Bengio vs Pearl: coscienza, rimorso e i limiti dell’IA

Il dibattito sulla minaccia esistenziale dell’IA passa oggi dalle celebri allarmistiche profezie a un confronto tecnico-filosofico tra due giganti: Yoshua Bengio, che invoca guardiani e regole strette per evitare derive di potere e comportamenti «non allineati», e Judea Pearl, che chiede che l’IA impari a pensare per cause e controfattuali se vogliamo sperare in un allineamento morale. Ma la domanda centrale non è tanto «quando» arriverà l’IAG, quanto «come» la progetteremo (o la non progetteremo) dal punto di vista causale ed etico.
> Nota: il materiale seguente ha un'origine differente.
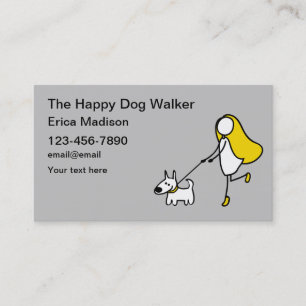 Cute Dog Walking Visitekaartjes
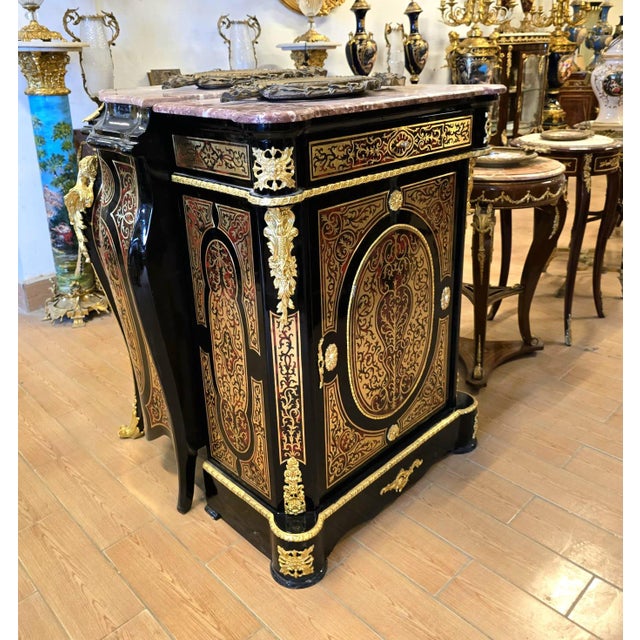 Gothic Grand Gothic Revival Display Cabinet – Ornate Black Finish With Marble Top & Gilded Gold Leaf Details For Sale - Image 3 of 3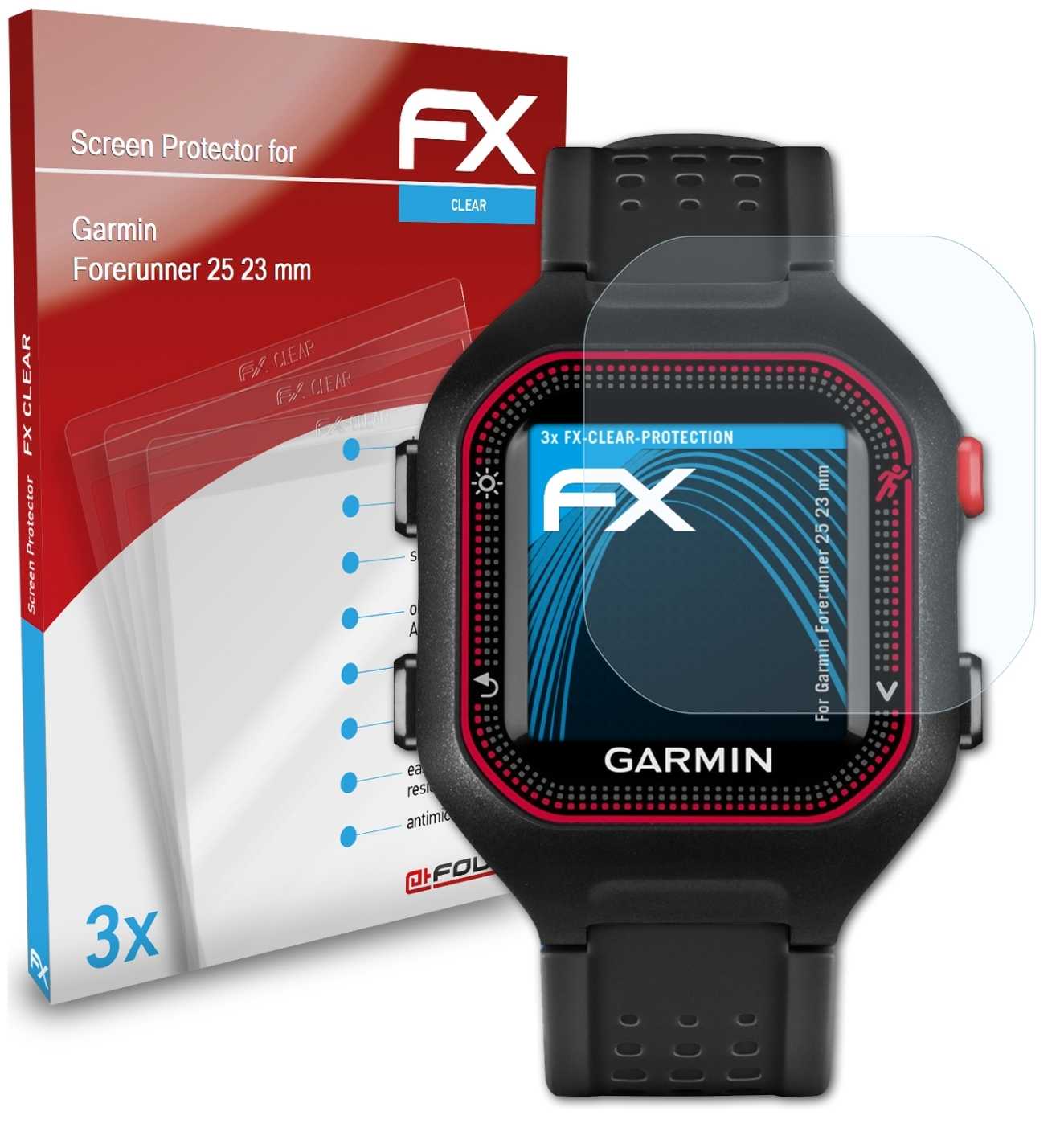 ATFOLIX 3x FX-Clear Displayschutz(für Garmin Forerunner (23 25 mm))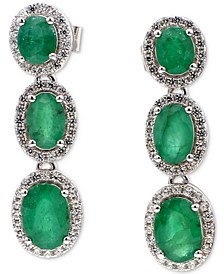 Emerald (3-1/3 ct. t.w.) & White Topaz (1-1/10 ct. t.w.) Triple Drop Earrings in Sterling Silver (Also in Tanzanite)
L’argomento probabilmente più discusso riguardo alle ricadute sociali dell’intelligenza artificiale (IA) è la sua potenziale minacciosità per il mondo umano. Da anni si discute di “singolarità”, “superintelligenza”, “Armageddon” e oggi il pericolo verrebbe dal fatto che si sarebbe prossimi all’intelligenza artificiale generale (IAG). Umilmente mi viene da osservare che è difficile trovare due psicologi dell’intelligenza umana che siano d’accordo sulla natura, la definizione e la misurazione dell’intelligenza generale. Stessa situazione per l’IAG.